= Non-recurring engineering =

One-time cost to develop a new product

Non-recurring engineering (NRE) cost refers to the one-time cost to research, design, develop and test a new product or product enhancement. When budgeting for a new product, NRE must be considered to analyze if a new product will be profitable. Even though a company will pay for NRE on a project only once, NRE costs can be prohibitively high and the product will need to sell well enough to produce a return on the initial investment. NRE is unlike production costs, which must be paid constantly to maintain production of a product. It is a form of fixed cost in economics terms. Once a system is designed, any number of units can be manufactured without increasing NRE cost.

NRE can be also budgeted and paid via another commercial term called royalty fee. The royalty fee could be a percentage of sales revenue or profit or combination of these two, which have to be incorporated in a mid to long term agreement between technology supplier and the OEM.

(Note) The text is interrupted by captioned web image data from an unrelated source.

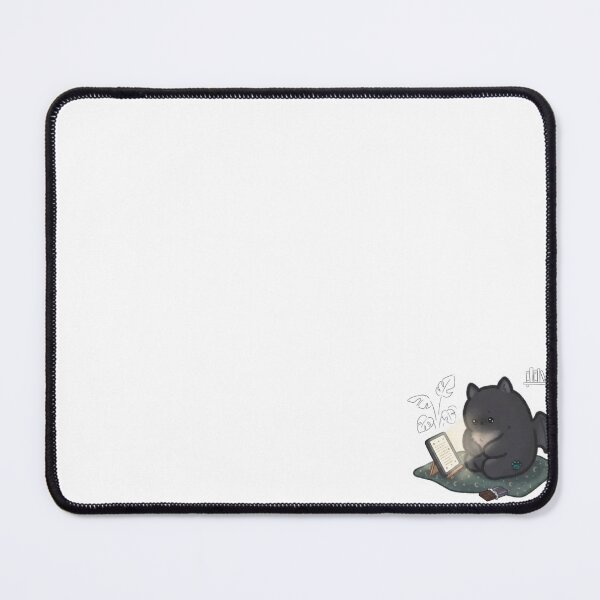 Item preview, Copy of Neet Bat (Reading) designed and sold by MinchiLabo.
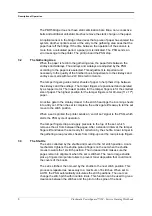 Preview for 12 page of Watkiss Automation Plockmatic PowerSquare 224 Workbook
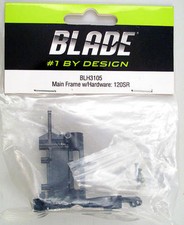 E-Flite BLH3105 Blade Main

In a project-type (manufacturing) company, large parts (possibly all) of the project represent NRE. In this case the NRE costs are likely to be included in the first project's costs, this can also be called research and development (R&D). If the firm cannot recover these costs, it must consider funding part of these from reserves, possibly take a project loss, in the hope that the investment can be recovered from further profit on future projects.

NRE can also be explained as engineering service. Non-recurring engineering (NRE) refers to professional services activities associated with the initial development, design, and implementation of a product or system. These services typically include:

- Planning and project management
- Configuration and customization
- Modification of existing designs or systems
- Integration of components or subsystems
- Engineering and design work
- Quality assurance and testing

NRE activities are generally one-time efforts that occur during the development phase, as opposed to recurring costs associated with ongoing production or maintenance. In industries such as semiconductor manufacturing or automotive engineering, NRE often covers costs related to tooling, prototyping, and initial validation of hardware or software solutions.

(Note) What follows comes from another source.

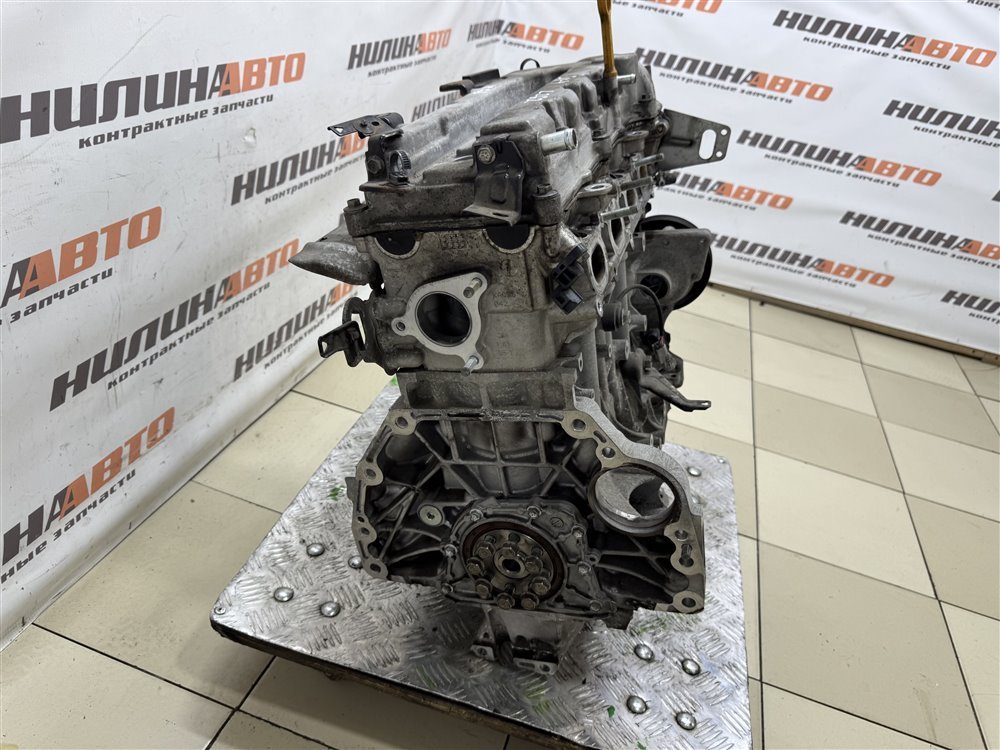 Двигатель, 120000 рублей, Севастополь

The concept of full product NRE as described above may lead readers to believe that NRE expenses are unnecessarily high. However, focused NRE wherein small amounts of NRE money can yield large returns by making existing product changes is an option to consider as well. A small adjustment to an existing assembly may be considered, in order to use a less expensive or improved subcomponent or to replace a subcomponent which is no longer available. In the world of embedded firmware, NRE may be invested in code development to fix problems or to add features where the costs to implement are a very small percentages of an immediate return. Chrysler found such a way to repair a transmission problem by investing trivial NRE dollars into computer firmware to fix a mechanical problem to save some tens of millions of dollars in mechanical repairs to transmissions in the field.

NRE-concepts-as-financial-investments are loss control tools considered part of manufacturing profit enhancement.